A reverse takeover (RTO) is a process by which a private company bypasses the traditional Initial Public Offering (IPO) to become a publicly traded entity. It is sometimes referred to as a reverse merger or a reverse initial public offering.

RTOs save companies time and money by eliminating a great variety of financial and operational hurdles associated with an IPO. Such hurdles might include a comprehensive audit and the establishment of a robust public reporting system. It also eliminates lengthy waiting periods, as the company is listed on the stock exchange almost immediately.

The primary benefit of a RTO is financial. It allows the private company to use the public company shell as a means of access to capital markets and facilitates easier access to acquisition financing and market liquidity.

But there can also be risks associated with RTOs.

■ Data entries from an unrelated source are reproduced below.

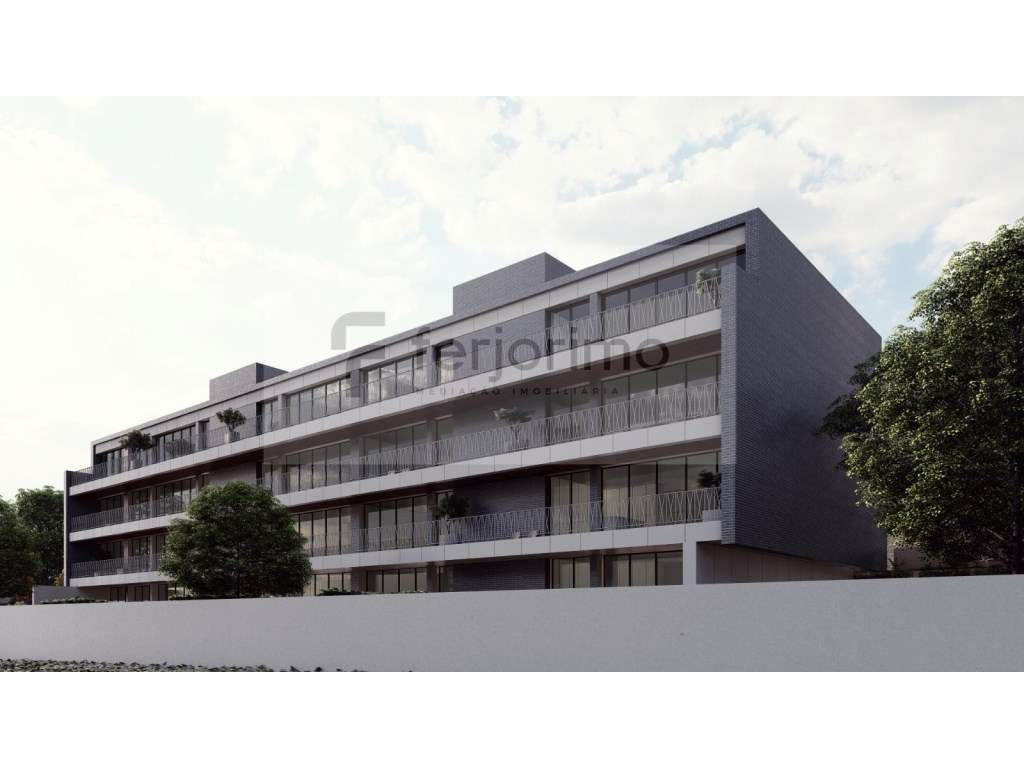 Condomínio com Piscina - Visite nos - a 5 mnts a pé do centro da Ci... - Grande imagem: 3/9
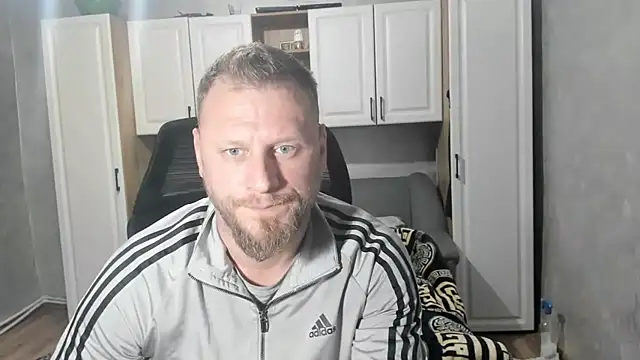 ANGELALEXYNO2024 online show from 11/06/25, 10:41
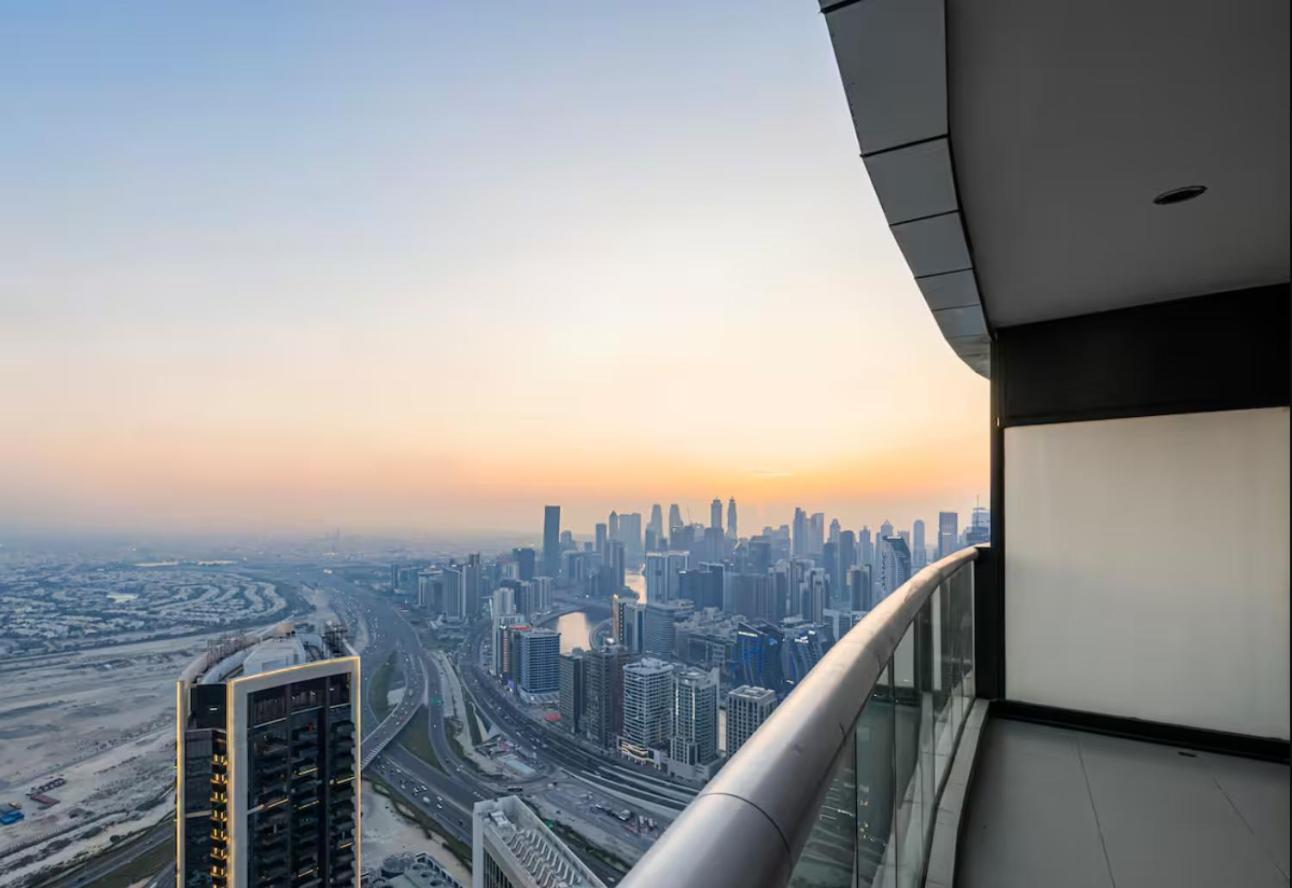 Fivex Paramount 1br Sky Dubai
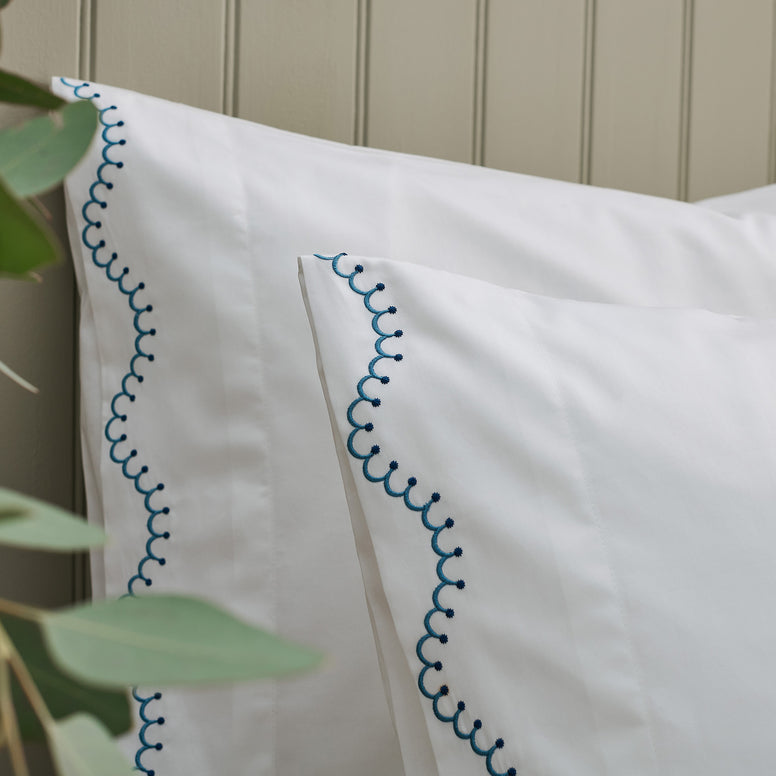 Lucerne Scallop Pillowcase Pair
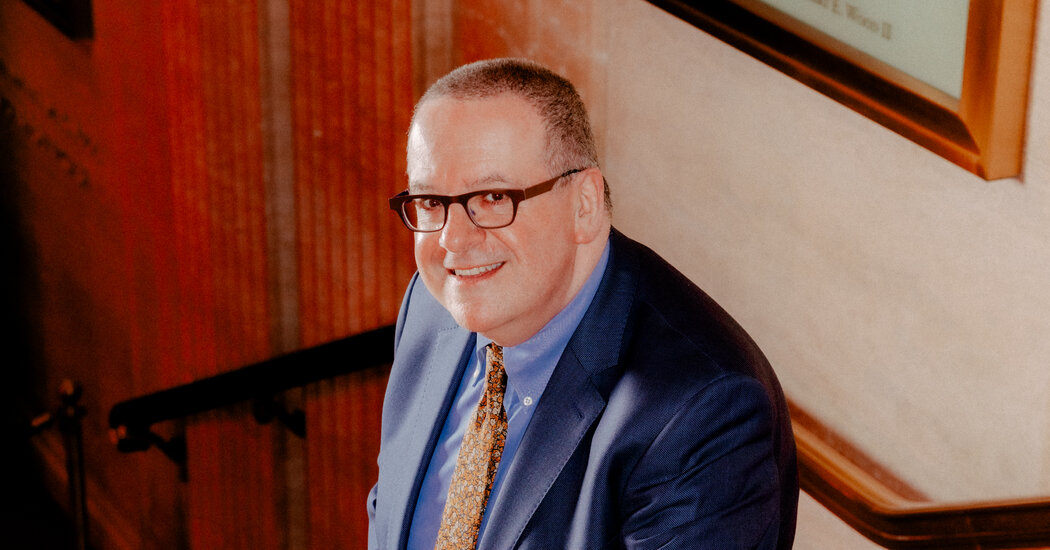 A ‘Missionary for Opera’ Steps Down in Chicago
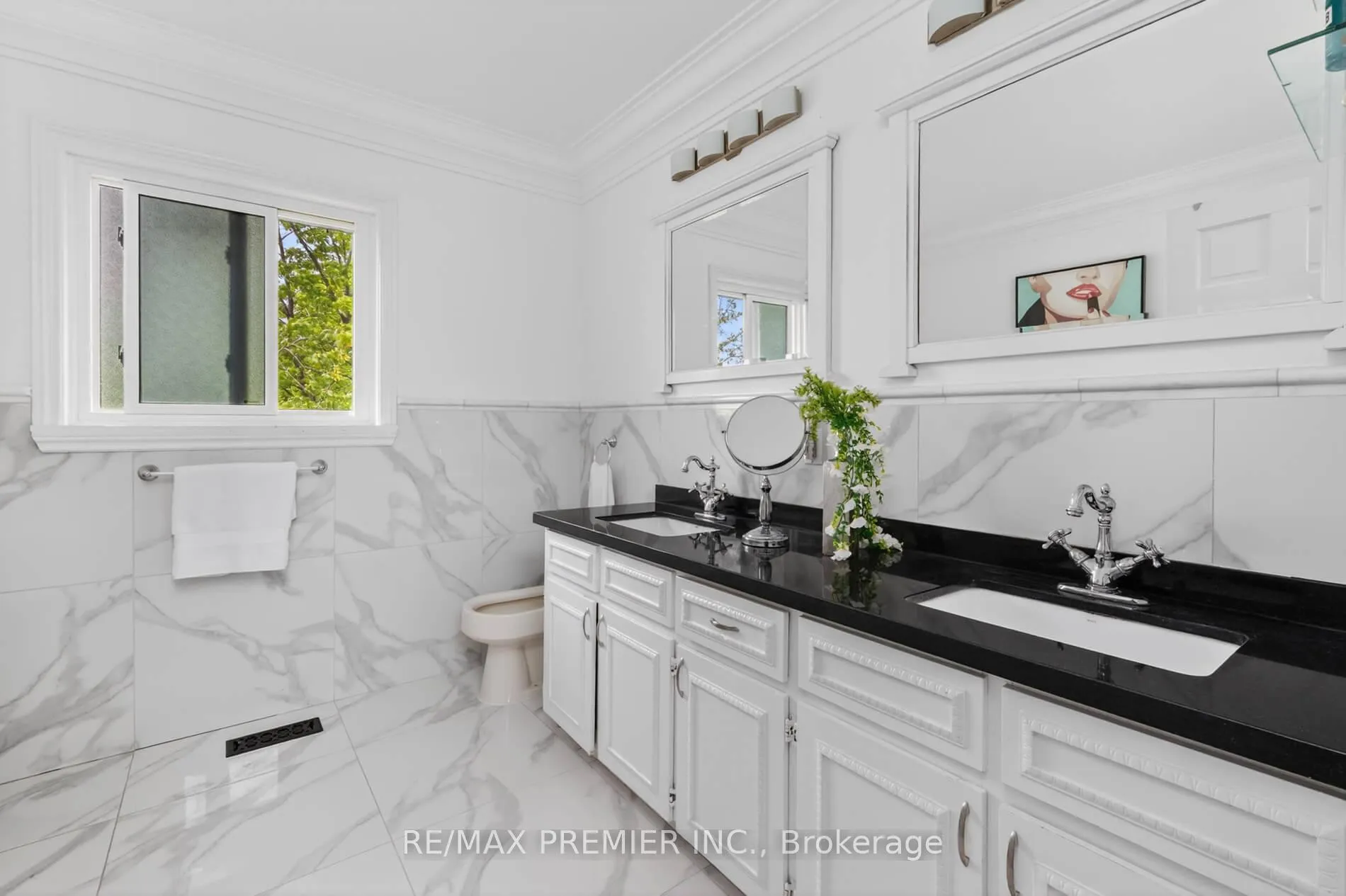 Photo 24 of 21 Forest Circle Court, Vaughan, East Woodbridge — HOMEH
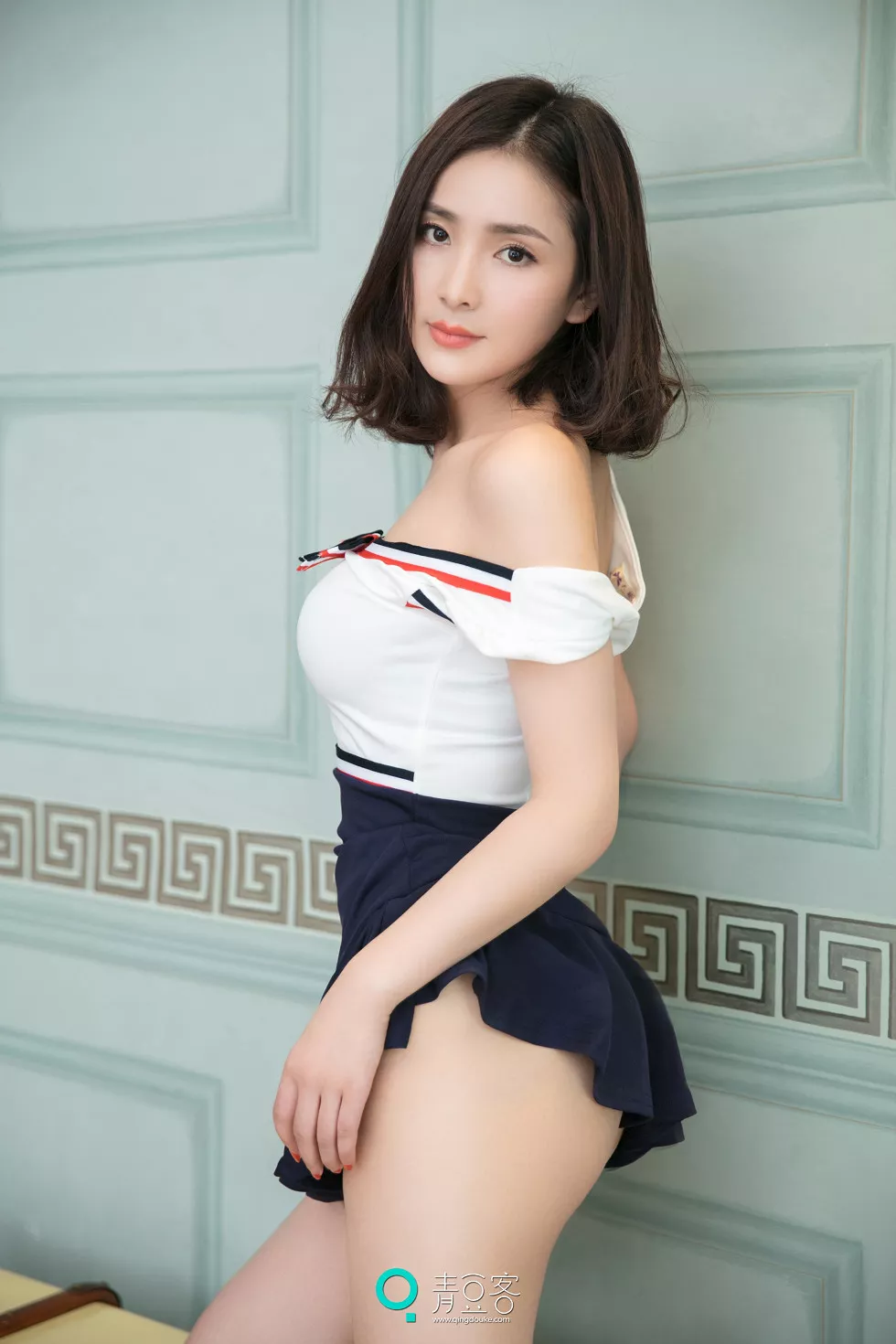 [青豆客Qingdouke]2017.07.08_嫩模小熊居家私房白色蕾丝情趣内衣完美诱惑写真55P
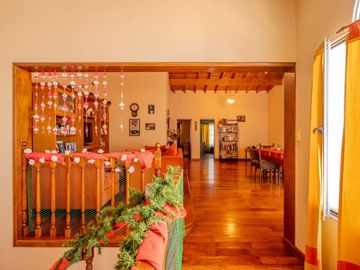 VENTA CASA TIPO PH 7 AMB V. BALLESTER PERMUTA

It is critical to ensure the quality and integrity of the management team, earning track record and financial controls, as there can often be weaknesses in the accounting and record-keeping systems of the RTO. They also lack the due diligence associated with IPOs. Foreign companies often use RTOs to gain access and entry to the U.S. marketplace.

For these reasons, companies considering a RTO must carefully balance the potential advantages with the risks to ensure the best outcome. Adequate legal, financial and operational due diligence should be undertaken to protect the interests of the company and its stakeholders.

Ultimately, a RTO allows a company to quickly become publicly traded without the time, cost,and complexity of an IPO. For companies seeking access to public financing but hoping to avoid expensive underwriting fees and other costs associated with an IPO, RTOs can be a viable choice. However, it is important to ensure that the RTO is carefully executed so that all parties’ interests are protected.